Photo: Painting by Arsenio Cícero, published on the web Myths of Latin America.
June 17 2012
Dressed like a gypsy. Wide skirt, brightly colored scarf. As she casts the cards for her customers, she smokes a mop of cheap tobacco. Her name is Luisa, and although she claims to be 52, her sad eyes, wrinkled face, and decayed teeth give her the appearance of an old woman who has already reached one hundred.
She is one of the many fortune tellers who make their living in Havana by foretelling the future through Spanish cards or by peering at the lines in the hands of their customers.
In five minutes, in a calm voice she tells you what will happen with your life in the next decade. She foretells misfortune, foreign travel, money, or marital infidelity.
At times, when the deck of cards sends a message, she sheds a tear. Luisa is an artist in her work. If “death” is whispered in the ear of the one whose future she is currently consulting, she changes her voice like a ventriloquist.

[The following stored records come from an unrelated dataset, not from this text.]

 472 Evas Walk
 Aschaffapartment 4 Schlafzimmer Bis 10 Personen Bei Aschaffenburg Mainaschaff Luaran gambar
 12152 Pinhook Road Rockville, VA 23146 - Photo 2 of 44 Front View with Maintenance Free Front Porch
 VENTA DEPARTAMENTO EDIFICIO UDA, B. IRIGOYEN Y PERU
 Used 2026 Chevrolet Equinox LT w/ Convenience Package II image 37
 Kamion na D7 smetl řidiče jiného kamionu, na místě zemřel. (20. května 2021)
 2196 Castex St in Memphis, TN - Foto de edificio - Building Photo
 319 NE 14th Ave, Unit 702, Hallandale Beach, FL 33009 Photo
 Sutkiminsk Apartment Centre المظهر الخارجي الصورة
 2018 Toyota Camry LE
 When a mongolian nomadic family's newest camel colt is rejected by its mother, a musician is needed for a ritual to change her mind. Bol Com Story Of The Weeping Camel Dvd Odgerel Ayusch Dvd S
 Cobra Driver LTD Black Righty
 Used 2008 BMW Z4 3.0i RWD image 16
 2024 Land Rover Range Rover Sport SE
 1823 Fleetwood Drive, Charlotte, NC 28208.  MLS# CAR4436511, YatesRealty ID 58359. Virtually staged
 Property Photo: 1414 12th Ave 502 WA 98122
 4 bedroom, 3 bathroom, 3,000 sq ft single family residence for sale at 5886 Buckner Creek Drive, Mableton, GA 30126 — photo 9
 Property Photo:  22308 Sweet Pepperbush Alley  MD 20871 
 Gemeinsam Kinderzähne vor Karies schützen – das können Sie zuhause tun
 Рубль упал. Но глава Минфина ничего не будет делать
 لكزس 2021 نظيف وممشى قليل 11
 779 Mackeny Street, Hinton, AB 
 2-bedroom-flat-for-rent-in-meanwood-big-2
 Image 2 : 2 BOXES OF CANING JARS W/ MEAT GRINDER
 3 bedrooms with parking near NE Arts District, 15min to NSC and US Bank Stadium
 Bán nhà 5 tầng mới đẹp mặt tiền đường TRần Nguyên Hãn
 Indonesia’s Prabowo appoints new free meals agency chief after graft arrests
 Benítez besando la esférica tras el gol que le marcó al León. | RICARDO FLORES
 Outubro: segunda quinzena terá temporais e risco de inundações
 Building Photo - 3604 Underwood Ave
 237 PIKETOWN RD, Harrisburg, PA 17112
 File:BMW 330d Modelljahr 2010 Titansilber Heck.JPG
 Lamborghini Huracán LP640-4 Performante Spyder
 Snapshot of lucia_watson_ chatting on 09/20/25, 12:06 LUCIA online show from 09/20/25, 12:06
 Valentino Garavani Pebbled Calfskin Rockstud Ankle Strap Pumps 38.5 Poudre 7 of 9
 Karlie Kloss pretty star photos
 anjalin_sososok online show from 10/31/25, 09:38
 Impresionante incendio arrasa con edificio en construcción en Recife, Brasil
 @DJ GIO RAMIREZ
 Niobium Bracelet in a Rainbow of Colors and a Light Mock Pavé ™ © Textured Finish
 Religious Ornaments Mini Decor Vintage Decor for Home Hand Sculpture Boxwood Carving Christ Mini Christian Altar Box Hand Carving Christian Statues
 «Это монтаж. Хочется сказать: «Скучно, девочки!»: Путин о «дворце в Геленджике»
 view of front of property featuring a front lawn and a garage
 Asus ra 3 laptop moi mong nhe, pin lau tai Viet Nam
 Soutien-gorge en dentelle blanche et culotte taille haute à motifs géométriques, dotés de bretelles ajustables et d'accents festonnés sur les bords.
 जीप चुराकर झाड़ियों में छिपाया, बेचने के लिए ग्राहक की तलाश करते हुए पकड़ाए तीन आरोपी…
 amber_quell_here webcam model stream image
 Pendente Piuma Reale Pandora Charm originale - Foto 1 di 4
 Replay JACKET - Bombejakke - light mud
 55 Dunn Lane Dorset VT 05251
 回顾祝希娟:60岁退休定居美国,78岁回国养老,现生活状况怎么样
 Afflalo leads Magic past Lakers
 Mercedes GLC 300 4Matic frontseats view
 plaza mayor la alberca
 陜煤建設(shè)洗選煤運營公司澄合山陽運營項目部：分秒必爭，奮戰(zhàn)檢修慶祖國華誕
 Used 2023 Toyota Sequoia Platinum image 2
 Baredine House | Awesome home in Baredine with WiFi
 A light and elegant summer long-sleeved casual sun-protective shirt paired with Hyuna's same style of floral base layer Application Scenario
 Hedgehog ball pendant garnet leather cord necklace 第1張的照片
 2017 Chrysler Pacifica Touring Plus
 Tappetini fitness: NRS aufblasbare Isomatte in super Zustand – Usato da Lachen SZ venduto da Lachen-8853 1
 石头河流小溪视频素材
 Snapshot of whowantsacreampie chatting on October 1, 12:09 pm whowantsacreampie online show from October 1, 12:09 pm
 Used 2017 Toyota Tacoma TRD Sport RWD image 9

This genuine Havanan was born one rainy night in 1959 in the poor neighborhood of Carraguao, in the municipality of Cerro. Before discovering her ability to diagnose cancer or a stroke of luck by simply looking at a person’s eyes, she worked in a textile factory on the outskirts of Havana.
Her life would make a bitter and realistic novel. Like those of Pedro Juan Gutierrez. She was a laborer and a militia member. And also a prostitute. She always searched out the money that would allow her to feed her children.
In the special period — that economic, material, and values crisis that has now lasted 22 years — her eldest daughter, knowing her mother’s abilities to “see things,” proposed that she seriously take up palmistry and fortune telling.
She read ten or twelve old books on those subjects. By means of the illegal cable antenna, she observed the modus operandi of Walter Mercado, the king of astral horoscopes and predictions in the southern United States.
A friend who practiced Santeria taught her to throw santera snail shells and various tricks for extracting information from people. When she was ready, she began to prophesy the fate of bystanders in various city streets. In Cuba, where the future is tomorrow and the most immediate plans are those made for the weekend, people like her, able to foresee the future, will always have success guaranteed.
Some days she works ten hours. After listening to the predictions, some end up laughing, others crying. But Luisa always returns to her room in a dilapidated tenement, with the pockets of her wide skirt full of five-peso notes, the price charged for each streetside consultation.
“Every day I look for between 100 and 200 pesos (5 to 10 dollars). I return home very tired. I fall into bed like a stone. People to whom I have predicted a trip abroad, and it happens, locate me and then give me money or clothes, telling me, “Madam, you were right, I am now living in that country. I am grateful to you,” says Luisa.
Since February 2011, she has had a license as a self-employed worker. She pays 65 pesos a month. She claims her forte is predicting death.
“Out of ten cases that I prophesy it, nine die. Sometimes out of pity I don’t tell them.” Two months ago, she told a neighbor that he would die in two weeks. “A few days later, he came to me: ’Luisa, you were wrong, I’m still alive.’ I looked into his eyes and knew he had but a few hours left, I preferred to keep quiet. The next morning he died of a heart attack. The trouble is that a fortuneteller cannot predict her own future.”
Photo: One of the fortune tellers who casts cards for tourists in Old Havana, although she is shown here with one of the many girls who dress as folklore characters for their 15th-birthday photos.